1.“小产权房”(没有法定房产证的房产)的形成

一方面,农民违反地方法规,侵犯自家农业用地以扩大房产,以拥有超过一宅一户的土地;另一方面,城市扩张导致土地需求猛增,农业用地以低于市价的价格被非法征用,虽然所有权仍然属于农村集体,但用途由农业用地变成城市建设用地。

2.制度的形式与功能并非对等

以中国农村集体土地确权登记颁证工作为例,2010年“一号文件”原计划在3年内完成,但实际上,由于中国农村土地确权的历史遗留问题和其他三大因素的影响,2013年“一号文件”推迟土地登记工作并将该进程延长到五年。
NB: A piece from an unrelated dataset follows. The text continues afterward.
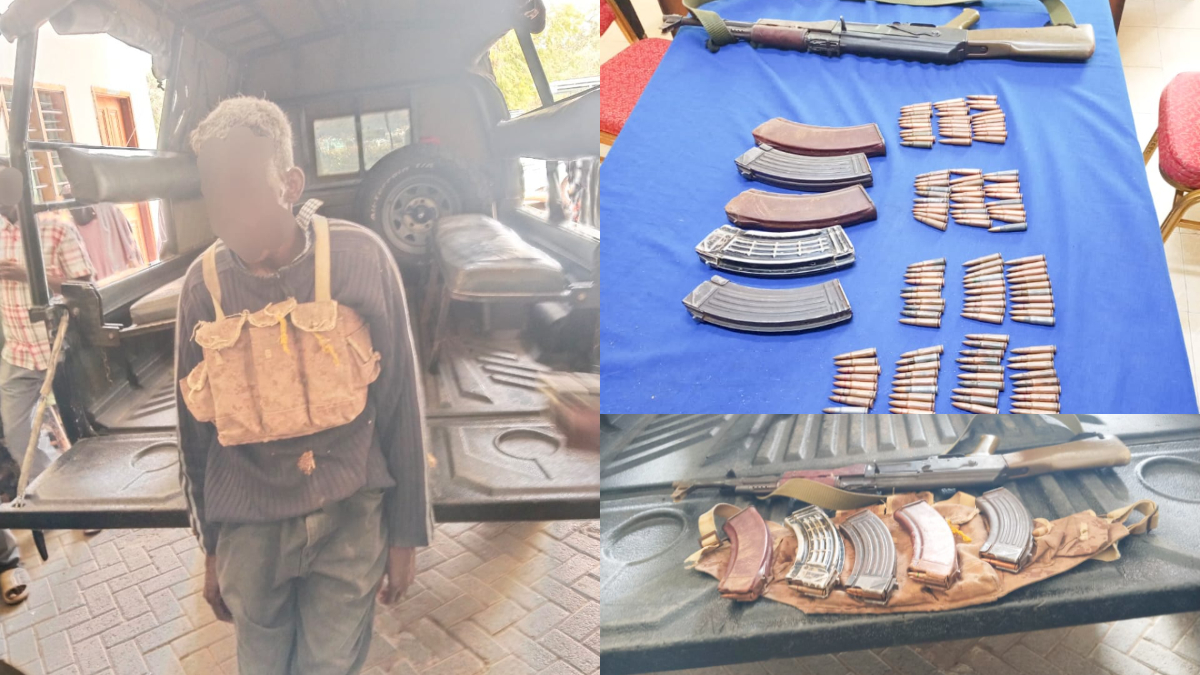 Armed bandit arrested in Garissa Town dramatic shootout; police recover AK47 rifle, 128 bullets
然而,在世界各国建立地籍制度的社会工程中,中国遇到的这种情况并非特例,因为土地确权并不是经济发展的绝对制度条件,而是个曲折、无意识和难以预测的过程。土地确权实际上只有在地方条件允许、得到社会支持时才能较顺利进行,否则就会变成一个“空制度”。所以,我们在评价制度的过程中,要注意制度之所以重要,并不是在于其形式,而是在于其在社会发展中的作用。

三.我的疑惑:“有意的制度模糊”

“有意的制度模糊”本意是有意保持土地确权模糊,以方便未来的规划和发展。正如2所提,新中国成立以来,国家虽然采取多种措施以期建立正式的承包合同系统,但收效远远不能和预期相比,比如,国家政策确保农业土地的承包期为30年,但基层却频繁重新分配土地以适应家庭和人口迁移等变化。研究发现,虽然20世纪90年代末期到21世纪前几年,农民对合同期内土地再分配表示支持,但与此同时,1995年到2005年,中国有6600万农民因为因强制性驱逐而失去土地,2003年,农民因土地征用上访次数达到改革以来巅峰。

我的疑点在于:既然国家政策在基层“因地制宜”执行的过程中产生如此大负外部效应,那为什么依然要在这样模糊的制度基础上运行?这个表象的背后,负外部性的产生到底是许多国家在采用“有意的制度模糊”时产生的、合理范围内的必然结果,还是其仅仅是中国在地籍制度改革中面临进退维谷两难困境时候的无奈选择呢?

很有可能是我还没有读到后面,但目前来说,在预读的过程里,我暂时真的找不出答案。